• **EXERCISE**:
Beginning with the first line below, please restate each line exactly, down to and including the line containing "Cat Ghost Double Skull Washed Hoodie".

*** Opening EXTRACTED MATERIAL ***

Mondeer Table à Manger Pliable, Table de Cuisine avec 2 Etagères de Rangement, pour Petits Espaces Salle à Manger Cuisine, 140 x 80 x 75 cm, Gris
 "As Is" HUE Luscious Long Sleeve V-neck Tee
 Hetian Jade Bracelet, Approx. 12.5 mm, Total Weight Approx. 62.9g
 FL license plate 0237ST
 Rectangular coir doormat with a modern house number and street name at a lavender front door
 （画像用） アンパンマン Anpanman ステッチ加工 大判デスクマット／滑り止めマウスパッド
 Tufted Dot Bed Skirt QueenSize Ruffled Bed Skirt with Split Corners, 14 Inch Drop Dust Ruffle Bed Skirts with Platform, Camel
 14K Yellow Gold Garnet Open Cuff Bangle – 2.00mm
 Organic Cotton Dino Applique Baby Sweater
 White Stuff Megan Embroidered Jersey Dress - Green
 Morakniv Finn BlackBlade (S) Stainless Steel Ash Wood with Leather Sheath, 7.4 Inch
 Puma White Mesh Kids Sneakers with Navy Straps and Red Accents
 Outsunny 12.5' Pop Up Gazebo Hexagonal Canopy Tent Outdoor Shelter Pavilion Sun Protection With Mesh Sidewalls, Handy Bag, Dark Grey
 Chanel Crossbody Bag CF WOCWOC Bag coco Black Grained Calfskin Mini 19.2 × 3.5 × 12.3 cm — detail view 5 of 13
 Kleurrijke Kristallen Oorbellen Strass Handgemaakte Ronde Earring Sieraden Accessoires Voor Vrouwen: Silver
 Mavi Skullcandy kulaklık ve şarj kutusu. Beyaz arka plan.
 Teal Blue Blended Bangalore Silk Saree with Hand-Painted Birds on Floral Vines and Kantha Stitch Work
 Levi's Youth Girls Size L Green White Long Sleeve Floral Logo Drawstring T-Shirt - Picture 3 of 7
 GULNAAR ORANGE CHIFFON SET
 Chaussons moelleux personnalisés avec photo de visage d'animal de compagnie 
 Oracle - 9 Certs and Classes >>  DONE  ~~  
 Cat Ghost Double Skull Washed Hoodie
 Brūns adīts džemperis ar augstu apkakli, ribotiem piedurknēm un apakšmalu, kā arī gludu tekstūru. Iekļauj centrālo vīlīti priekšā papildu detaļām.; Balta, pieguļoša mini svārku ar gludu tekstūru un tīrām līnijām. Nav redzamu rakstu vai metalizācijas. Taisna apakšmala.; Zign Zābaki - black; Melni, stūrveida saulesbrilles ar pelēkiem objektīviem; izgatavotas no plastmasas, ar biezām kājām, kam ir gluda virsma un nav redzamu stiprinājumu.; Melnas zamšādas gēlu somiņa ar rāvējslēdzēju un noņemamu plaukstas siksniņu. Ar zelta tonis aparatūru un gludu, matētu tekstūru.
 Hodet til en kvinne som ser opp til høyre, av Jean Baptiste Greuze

*** Closing EXTRACTED MATERIAL ***

• **RESPONSE TO THIS TASK**:
Mondeer Table à Manger Pliable, Table de Cuisine avec 2 Etagères de Rangement, pour Petits Espaces Salle à Manger Cuisine, 140 x 80 x 75 cm, Gris
 "As Is" HUE Luscious Long Sleeve V-neck Tee
 Hetian Jade Bracelet, Approx. 12.5 mm, Total Weight Approx. 62.9g
 FL license plate 0237ST
 Rectangular coir doormat with a modern house number and street name at a lavender front door
 （画像用） アンパンマン Anpanman ステッチ加工 大判デスクマット／滑り止めマウスパッド
 Tufted Dot Bed Skirt QueenSize Ruffled Bed Skirt with Split Corners, 14 Inch Drop Dust Ruffle Bed Skirts with Platform, Camel
 14K Yellow Gold Garnet Open Cuff Bangle – 2.00mm
 Organic Cotton Dino Applique Baby Sweater
 White Stuff Megan Embroidered Jersey Dress - Green
 Morakniv Finn BlackBlade (S) Stainless Steel Ash Wood with Leather Sheath, 7.4 Inch
 Puma White Mesh Kids Sneakers with Navy Straps and Red Accents
 Outsunny 12.5' Pop Up Gazebo Hexagonal Canopy Tent Outdoor Shelter Pavilion Sun Protection With Mesh Sidewalls, Handy Bag, Dark Grey
 Chanel Crossbody Bag CF WOCWOC Bag coco Black Grained Calfskin Mini 19.2 × 3.5 × 12.3 cm — detail view 5 of 13
 Kleurrijke Kristallen Oorbellen Strass Handgemaakte Ronde Earring Sieraden Accessoires Voor Vrouwen: Silver
 Mavi Skullcandy kulaklık ve şarj kutusu. Beyaz arka plan.
 Teal Blue Blended Bangalore Silk Saree with Hand-Painted Birds on Floral Vines and Kantha Stitch Work
 Levi's Youth Girls Size L Green White Long Sleeve Floral Logo Drawstring T-Shirt - Picture 3 of 7
 GULNAAR ORANGE CHIFFON SET
 Chaussons moelleux personnalisés avec photo de visage d'animal de compagnie 
 Oracle - 9 Certs and Classes >>  DONE  ~~  
 Cat Ghost Double Skull Washed Hoodie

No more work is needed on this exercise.